RAC man looked the vehicle over and said he suspected damage to the rear differential. It was towed and ended up at the my local dealership. On review by the dealier ship it seems the rear differential has smashed itself up with two huge cracks around the casing. The dealer says its almost certainly a result of an incorrect haldex oil change. I am none technical so i simply passing this on as it was reported to me.

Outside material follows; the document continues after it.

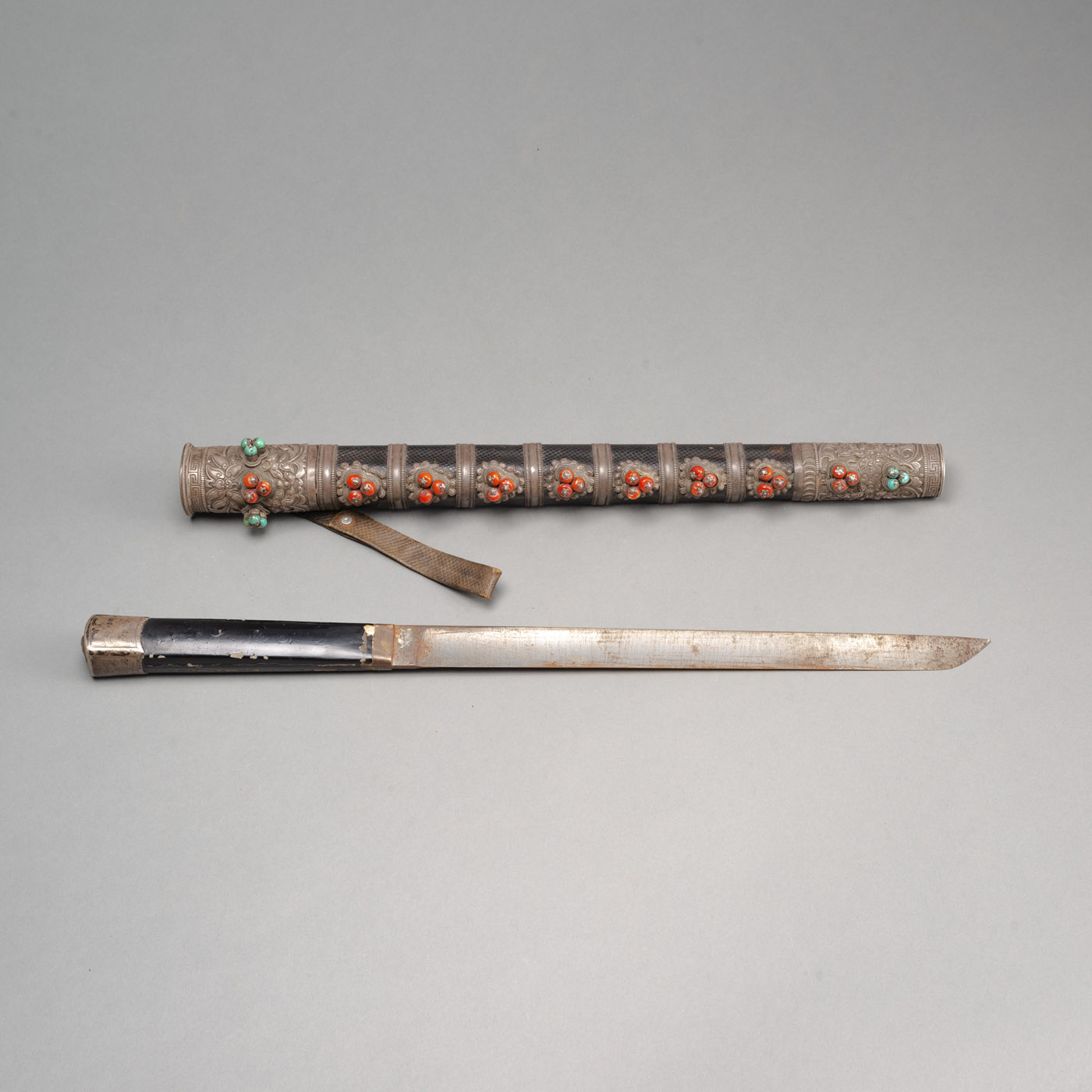 A SHORTSWORD WITH TURQUOISE- AND CORAL-INLAID SHEATH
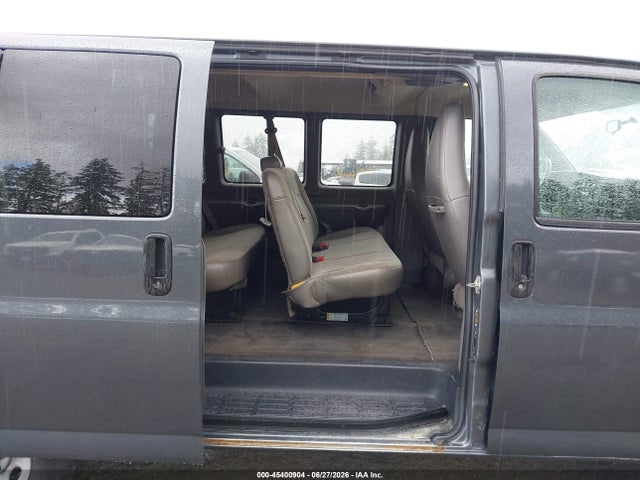 Chevrolet Express 2500 Ls 2017 1GNWGEFG5H1101068 Image 8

Now i am stuck because the garage who did the service say they would never have made such a basic mistake so dont believe they are responsible nor that their responsibility can be demostrated while the audi dealership are saying that Audi guidance, including photographic material from Audi, says that Audi will not pay out on warranty (which as i said has expired) or good will for this type of damage shortly after a haldex oil change.

So I am faced with a £4.5k bill for a massive part failure on a car thats only done 37k miles and which could have been the cause of some serious injury.

i dont know who i should be pursuing with regard to paying, it really doesnt feel like i should shoulder this. I fear Audi, the dealership and the servicing garage will each simply pass the blame to the othe.

Rawzer


----------



## ScoobyTT (Aug 24, 2009)

What a nightmare  Is there any way of getting a sample of the oil that's left, and getting its type confirmed? If it's wrong, you'll have a leg to stand on. Are there any such services available to Joe Public? :?


----------



## rawzer (Jan 5, 2011)

There may be. The car is sitting in its failed state at the dealership while i try to work out what to do next. What do you think the oil might tell me?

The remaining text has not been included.